Setting the Stage for Justice in the Revenge Genre Film

by Dean Hitesman

"Revenge" genre films tend to fit into neat little schemes. The storyline will involve the protagonist being wronged, usually in the first half of the movie, and the rest of the film will be a portrayal of this hero, or avenger, taking the law into their own hands to exact vengeance on those who have crossed him. The audience undergoes a great sense of satisfaction when vengeance is finally delivered because the audience has been brought on board with the avenger's cause and agree that what he had to do to exact vengeance is justified. It is necessary for the avenger to take the law in his own hands because the legal system in which the revenge genre film takes place is either perfidious and corrupt, or simply ineffectual and unable to uphold justice. An incompetent legal order is essential to our accepting the revenge genre film.

The 1936 Joseph Kane western film, King of the Pecos, tells such a story of revenge. In the beginning of the film, the antagonist trio of an exploiting capitalist Alexander Stiles, his lawyer Brewster, and his killer Ash take title to strategic watering holes between Texas and the Kansas cattle markets in order to gain control of a million acre empire. One of the key watering hole locations, that of Sweetwater, is located on land owned by a man who has settled there with his wife and their teenage son. When the man refuses Stiles' offer of one thousand dollars to buy the land, the man and his wife are shot, and the teenage son is brutally beaten up and left for dead.

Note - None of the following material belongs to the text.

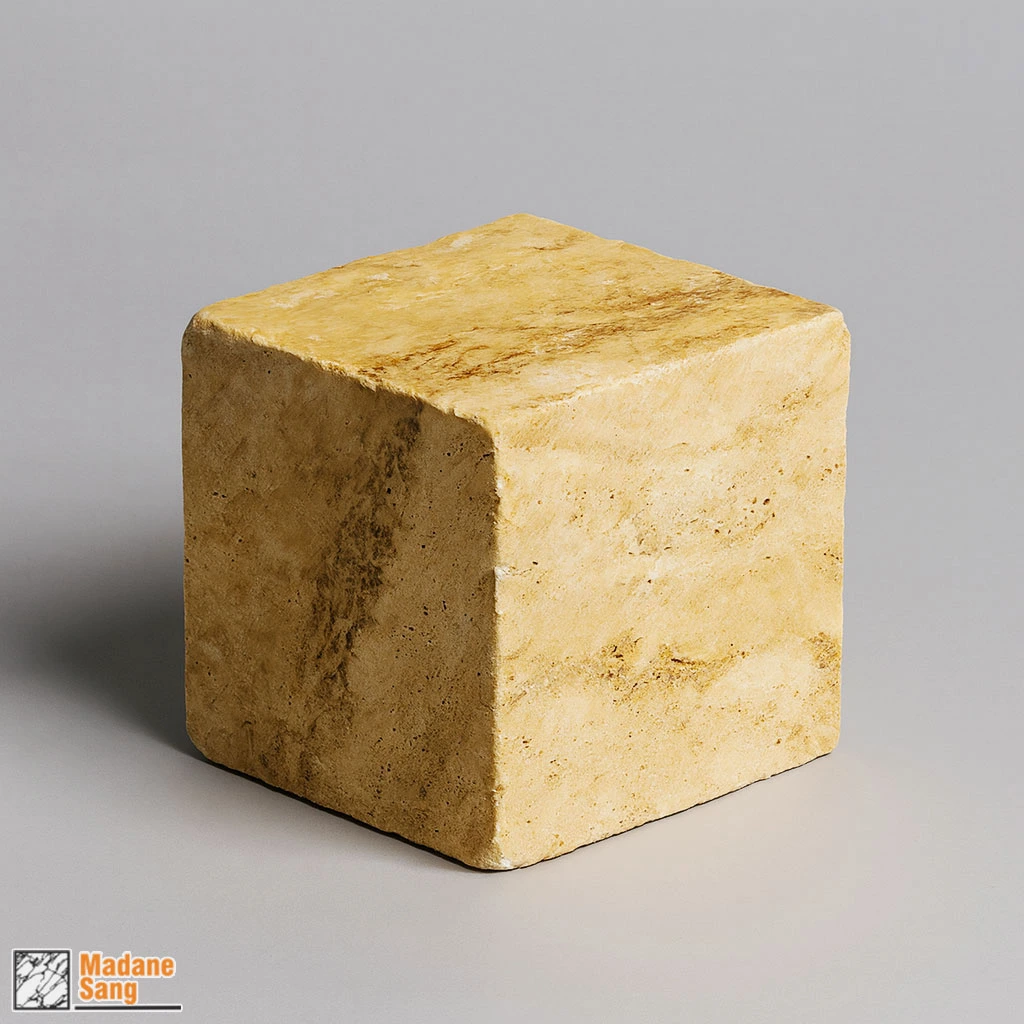 سنگ کوبیک تراورتن + با حاشیه سود بالا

Ten years pass and the boy, John Clayborn, who of course did not die, has become a man and a lawyer, played by John Wayne. He ends up representing a large group of independent cattle owners and takes on Stiles, represented by Brewster, in a civil trial aimed at gaining access to the water holes controlled by Stiles without having to pay the exorbitant tolls he demands. The Court finds that, based on homestead laws, Stiles is only entitled to one of his water hole claims, that of Sweetwater. Brewster is fired by Stiles for losing the trial.

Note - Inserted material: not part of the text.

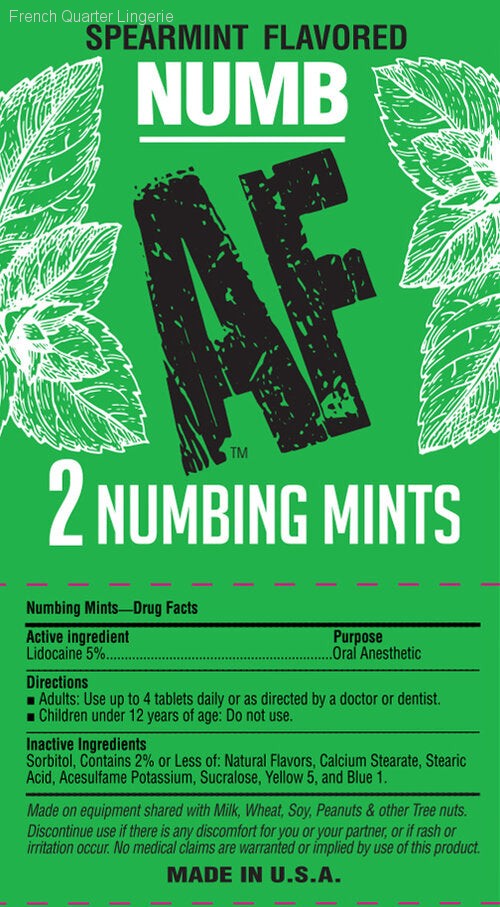 Numb AF Mints ( 1 Count )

The setting of the film being the late nineteenth century western frontier, law enforcement is undeveloped. Despite his losing of the legal trial, there is inadequate legal order to prevent Stiles from using force. No longer able to control the rancher's cattle through the watering holes, Stiles orders Ash and his men to gather all of their cattle by force. To escape Stiles and his men, Clayborn organizes the ranchers into a mass cattle drive that must stop in Sweetwater on its way to Abilene. When Stiles refuses access to Sweetwater, Clayborn and the ranchers kill Stiles and Ash in much the same fashion that Clayborn's parents were murdered years before. The young lawyer's revenge is complete, and he needed to use force beyond law in order to extract it.

King of the Pecos is not alone among westerns in its portrayal of justice. "Countless westerns not only from the thirties but from every decade deal either with the struggle between frontier anarchy and emerging social order or with the struggle between an evolved but unjust social order and the felt need to set things right by taking the law into one's own hands."(1) The untamed setting of the western film is ideal for the revenge genre as the inept legal order allows for the avenger to uphold his own sense of justice when seeking vengeance with minimal hampering from law enforcement.

Such is the setting in another story of revenge that is found in the more recent western Unforgiven which Clint Eastwood both stars in and directed. Eastwood plays the role of William Munny, a once ruthless killing cowboy, who has been tamed by his wife into a domesticated rancher and father of two. However, as the film begins we discover that Munny has fallen on hard times as his wife has passed of smallpox, and the life of a pig farmer has proved difficult. Munny becomes attracted to a bounty that has been placed on the life of two cowboys by the prostitutes in the town of Big Whisky - punishment for their cutting the face of one of the working girls.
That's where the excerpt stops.